You can get addicted to practically anything, and there was once an episode on the A&E show Intervention that dealt with gaming addiction. But these are extreme cases, and it’s hard to take stories like this too seriously because a lot of people spend way too much time on the net and playing games, which doesn’t necessarily make them junkies.
Still, there’s a documentary called Web Junkie about rehabs in China that deprogram teens from the net, and it sounds like pretty frightening stuff. One such place is the Internet Addiction Treatment Center in Beijing, and as the Daily Beast tells us, China is one of the first countries that has seriously considered net addiction a serious disorder and a threat to young people.
The documentary Web Junkie premiered at Sundance, and a number of kids in the film say that they were tricked by their families into being imprisoned in the center. The place seems more like an Orwellian-style brainwashing center, and in one scene they sing a song together that contains the lyrics, “Following orders is an obligation! We must remember the rules and regulations! We should follow orders and not violate them!”
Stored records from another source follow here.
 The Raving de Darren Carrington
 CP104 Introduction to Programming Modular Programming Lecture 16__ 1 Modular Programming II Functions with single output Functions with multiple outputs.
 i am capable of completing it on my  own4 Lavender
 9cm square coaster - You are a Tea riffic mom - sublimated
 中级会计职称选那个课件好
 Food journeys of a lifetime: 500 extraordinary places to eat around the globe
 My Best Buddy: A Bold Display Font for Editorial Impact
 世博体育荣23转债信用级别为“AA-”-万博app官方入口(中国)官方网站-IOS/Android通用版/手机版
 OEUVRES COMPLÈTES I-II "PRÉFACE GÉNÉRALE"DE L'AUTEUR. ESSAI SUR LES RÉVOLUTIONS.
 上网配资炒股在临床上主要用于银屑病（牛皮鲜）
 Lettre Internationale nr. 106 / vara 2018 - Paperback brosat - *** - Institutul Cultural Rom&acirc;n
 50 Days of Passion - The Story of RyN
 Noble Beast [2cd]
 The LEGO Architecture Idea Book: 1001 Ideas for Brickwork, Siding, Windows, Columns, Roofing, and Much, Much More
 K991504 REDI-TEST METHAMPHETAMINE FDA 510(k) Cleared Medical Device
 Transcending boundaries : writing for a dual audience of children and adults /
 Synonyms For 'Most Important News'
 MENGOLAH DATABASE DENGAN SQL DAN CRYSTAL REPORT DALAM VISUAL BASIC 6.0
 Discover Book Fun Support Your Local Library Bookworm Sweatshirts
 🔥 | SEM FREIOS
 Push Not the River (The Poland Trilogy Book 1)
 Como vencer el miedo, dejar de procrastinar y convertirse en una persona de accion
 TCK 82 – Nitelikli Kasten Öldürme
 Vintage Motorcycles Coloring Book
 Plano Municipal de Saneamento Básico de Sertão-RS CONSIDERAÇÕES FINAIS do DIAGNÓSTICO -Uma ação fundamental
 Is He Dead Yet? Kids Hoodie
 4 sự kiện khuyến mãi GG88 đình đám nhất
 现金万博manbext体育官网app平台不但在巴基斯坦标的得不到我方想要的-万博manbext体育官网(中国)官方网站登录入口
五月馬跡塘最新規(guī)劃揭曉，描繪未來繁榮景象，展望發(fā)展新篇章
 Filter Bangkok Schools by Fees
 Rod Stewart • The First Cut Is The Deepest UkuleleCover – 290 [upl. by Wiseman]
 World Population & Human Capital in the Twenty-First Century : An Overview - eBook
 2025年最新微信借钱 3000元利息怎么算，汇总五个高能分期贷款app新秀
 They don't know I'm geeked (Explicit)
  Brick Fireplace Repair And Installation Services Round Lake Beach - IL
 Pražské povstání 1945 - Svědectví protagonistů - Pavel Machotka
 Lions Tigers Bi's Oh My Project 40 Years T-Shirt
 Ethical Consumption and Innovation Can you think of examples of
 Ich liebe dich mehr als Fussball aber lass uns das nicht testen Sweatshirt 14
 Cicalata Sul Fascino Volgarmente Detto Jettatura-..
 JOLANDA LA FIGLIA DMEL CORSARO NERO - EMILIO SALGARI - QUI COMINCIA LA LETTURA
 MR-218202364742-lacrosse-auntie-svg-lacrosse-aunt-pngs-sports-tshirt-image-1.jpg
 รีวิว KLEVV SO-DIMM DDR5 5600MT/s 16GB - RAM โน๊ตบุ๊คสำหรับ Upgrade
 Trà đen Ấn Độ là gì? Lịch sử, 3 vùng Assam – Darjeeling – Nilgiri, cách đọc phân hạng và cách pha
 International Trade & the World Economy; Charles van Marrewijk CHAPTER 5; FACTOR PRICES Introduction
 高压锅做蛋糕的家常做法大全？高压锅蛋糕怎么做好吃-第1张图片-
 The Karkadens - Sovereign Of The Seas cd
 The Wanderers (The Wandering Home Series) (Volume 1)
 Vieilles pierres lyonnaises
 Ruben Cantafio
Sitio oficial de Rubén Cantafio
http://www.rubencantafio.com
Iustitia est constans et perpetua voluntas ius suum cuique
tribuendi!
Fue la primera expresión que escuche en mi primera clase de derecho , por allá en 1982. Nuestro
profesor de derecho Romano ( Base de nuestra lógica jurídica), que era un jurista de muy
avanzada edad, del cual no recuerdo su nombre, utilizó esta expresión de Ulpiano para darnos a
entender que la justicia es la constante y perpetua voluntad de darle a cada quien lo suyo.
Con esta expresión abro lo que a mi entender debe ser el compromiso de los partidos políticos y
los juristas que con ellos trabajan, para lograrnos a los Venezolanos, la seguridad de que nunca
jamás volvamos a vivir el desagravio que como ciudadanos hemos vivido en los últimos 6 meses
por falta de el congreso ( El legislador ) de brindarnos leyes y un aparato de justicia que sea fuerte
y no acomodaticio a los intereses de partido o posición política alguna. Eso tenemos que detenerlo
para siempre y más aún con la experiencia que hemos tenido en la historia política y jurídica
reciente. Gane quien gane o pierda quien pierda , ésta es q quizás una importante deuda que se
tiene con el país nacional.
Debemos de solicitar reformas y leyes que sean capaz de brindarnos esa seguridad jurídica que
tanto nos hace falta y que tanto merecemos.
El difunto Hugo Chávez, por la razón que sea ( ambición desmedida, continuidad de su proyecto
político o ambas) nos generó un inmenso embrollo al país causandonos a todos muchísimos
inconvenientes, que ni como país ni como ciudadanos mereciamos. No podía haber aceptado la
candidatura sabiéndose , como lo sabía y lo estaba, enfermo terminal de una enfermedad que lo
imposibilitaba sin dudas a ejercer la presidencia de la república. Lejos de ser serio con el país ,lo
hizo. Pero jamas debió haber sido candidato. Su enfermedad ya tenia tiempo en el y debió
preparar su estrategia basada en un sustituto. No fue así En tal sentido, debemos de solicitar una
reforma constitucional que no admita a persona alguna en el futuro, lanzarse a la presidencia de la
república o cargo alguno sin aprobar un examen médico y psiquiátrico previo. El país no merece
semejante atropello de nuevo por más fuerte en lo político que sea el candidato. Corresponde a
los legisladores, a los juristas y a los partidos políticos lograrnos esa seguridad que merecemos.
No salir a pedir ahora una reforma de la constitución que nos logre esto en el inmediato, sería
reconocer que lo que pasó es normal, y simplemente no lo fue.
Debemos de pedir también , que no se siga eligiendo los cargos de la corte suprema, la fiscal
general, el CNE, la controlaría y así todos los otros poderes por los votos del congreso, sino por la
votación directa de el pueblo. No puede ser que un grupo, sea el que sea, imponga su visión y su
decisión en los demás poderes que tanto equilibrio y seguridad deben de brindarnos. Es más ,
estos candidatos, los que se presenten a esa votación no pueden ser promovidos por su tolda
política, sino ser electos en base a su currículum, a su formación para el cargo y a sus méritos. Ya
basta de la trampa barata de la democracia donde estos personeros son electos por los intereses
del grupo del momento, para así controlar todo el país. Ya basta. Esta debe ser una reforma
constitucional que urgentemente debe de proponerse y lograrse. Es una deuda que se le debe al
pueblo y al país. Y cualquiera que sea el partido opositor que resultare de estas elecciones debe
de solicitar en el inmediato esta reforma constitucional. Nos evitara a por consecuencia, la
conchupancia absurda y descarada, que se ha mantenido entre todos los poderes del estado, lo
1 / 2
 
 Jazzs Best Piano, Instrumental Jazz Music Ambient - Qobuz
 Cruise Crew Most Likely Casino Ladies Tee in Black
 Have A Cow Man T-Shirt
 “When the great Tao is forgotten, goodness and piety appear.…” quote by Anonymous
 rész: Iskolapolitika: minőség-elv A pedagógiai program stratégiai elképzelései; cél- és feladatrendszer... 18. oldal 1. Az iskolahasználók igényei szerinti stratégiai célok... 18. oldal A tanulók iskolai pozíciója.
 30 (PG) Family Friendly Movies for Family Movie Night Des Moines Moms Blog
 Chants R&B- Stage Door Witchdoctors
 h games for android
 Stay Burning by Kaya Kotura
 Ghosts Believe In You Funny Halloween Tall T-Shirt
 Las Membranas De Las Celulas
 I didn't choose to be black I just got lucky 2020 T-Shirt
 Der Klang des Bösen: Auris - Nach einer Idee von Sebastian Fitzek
To be fair, one kid at the center played World of Warcraft for ten hours straight, another claimed he played for nearly fifteen days straight with only small naps for rest. The concern, one addiction specialist at the center said, is that these kids “think that the real world is not as good as the virtual world.”
The Daily Beast wasn’t the only site that found this documentary compelling. This film has gotten rave reviews from a number of places, and we hope that exposure to this film will shed a strong light, not on net addiction, but in rehab reform, because this place sounds like a pretty scary environment for anybody, let alone teenagers.